Technique No 1: use other people’s stuff
Hope you enjoyed that last post. No it wasn’t paid for (if you’re interested) but I have been feeling guilty, because posting a free article only takes about 2 seconds. I’m only happy if I’ve sweated blood over each entry, and carefully crafted every word and phrase myself.
I don’t plan to do it (‘it’ being post other peoples stuff) very often because google, bless their cotton socks, check everything new that appears on the internet, and see if it’s already on the internet somewhere else.
If it is, they conclude that I’ve got nothing better to do than beg borrow and steal other people’s musings, rather than create my own. And they therefore conclude that my site should never appear in their seach results again.
Which is reasonable if I have begged borrowed or stolen it, perhaps less so if I am just trying to present an opinion to a new audience. Whatever, you can be sure it will be a long time before it happens a second time.
Technique No 2: say something controversial
Apparently the best way to attract loads of people to a website is to be a bit controversial, and use a suitably catchy headline. So from now on you’ll get no more ‘what a lovely day I had’ and a lot more ’97 ways to live in France forever without any money’ or ‘How to learn French in 25 minutes while you are asleep and without spending a cent’ type titles. Or indeed the title of this blog – ‘shock horror expose of underhand blog techniques’.

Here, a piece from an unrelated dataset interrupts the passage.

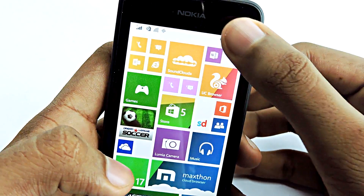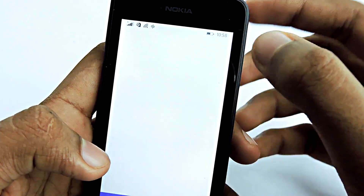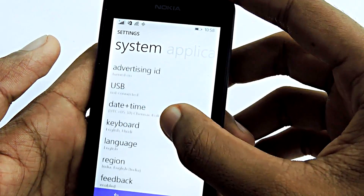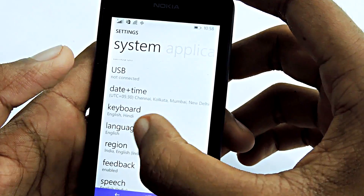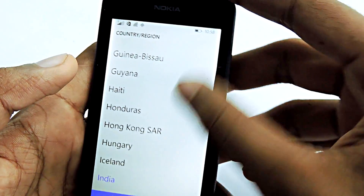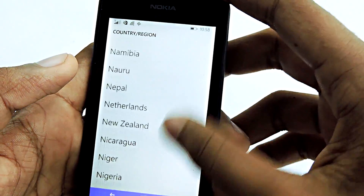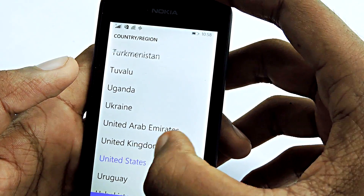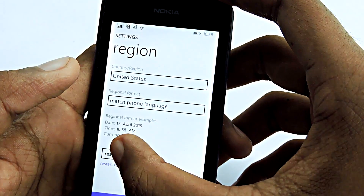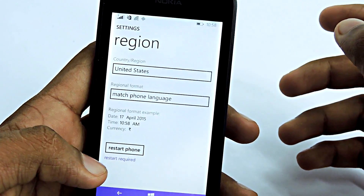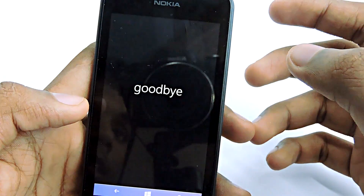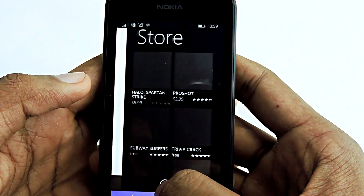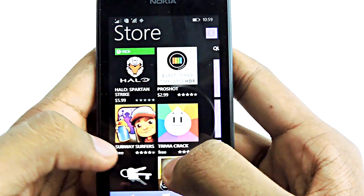First, go to All Settings, then scroll down and select Region, and change it to United States. Then restart your phone — there's a button called Restart Phone, select that and wait a few seconds. After that, open the Windows Store.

Incidentally, that’s why people write newspaper articles like ‘stay at home mothers should be paid Â£35,000′. Not because the writer actually thinks that it is true – of course they don’t, they have to work so why shouldn’t everyone else – but because every stay at home mother in the world will read it, tell their friends about it, and buy the newspaper.
Anyway, starting from now my blog headlines are going to be much more dramatic, even if the content will take a while to catch up.

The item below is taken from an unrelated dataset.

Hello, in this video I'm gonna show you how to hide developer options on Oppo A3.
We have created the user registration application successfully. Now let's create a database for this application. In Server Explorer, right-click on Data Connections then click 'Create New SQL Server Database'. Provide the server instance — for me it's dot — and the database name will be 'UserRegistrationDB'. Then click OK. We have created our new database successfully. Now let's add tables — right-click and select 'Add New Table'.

Technique No 3: write the years entries in January then put your feet up
I have discovered that there is a feature in this blog software that means I can write a few entries at a time, if inspiration should ever strike me in such a way, and then preset the times that they will be published. So you will think I’m sat here working, while really I’m sat on the beach with a pina colada and a bottle of factor 50 sun cream. Now that’s the kind of life a blogger should aim for. Do you think sand (or even better, snow) would stop a portable PC working?
I have read about bloggers becoming rich from just blogging, but perhaps that also is just an attention grabbing headline without foundation or truth.
But it’s kind of a nice idea so I’ll be trying out some more dodgy blogging techniques shortly.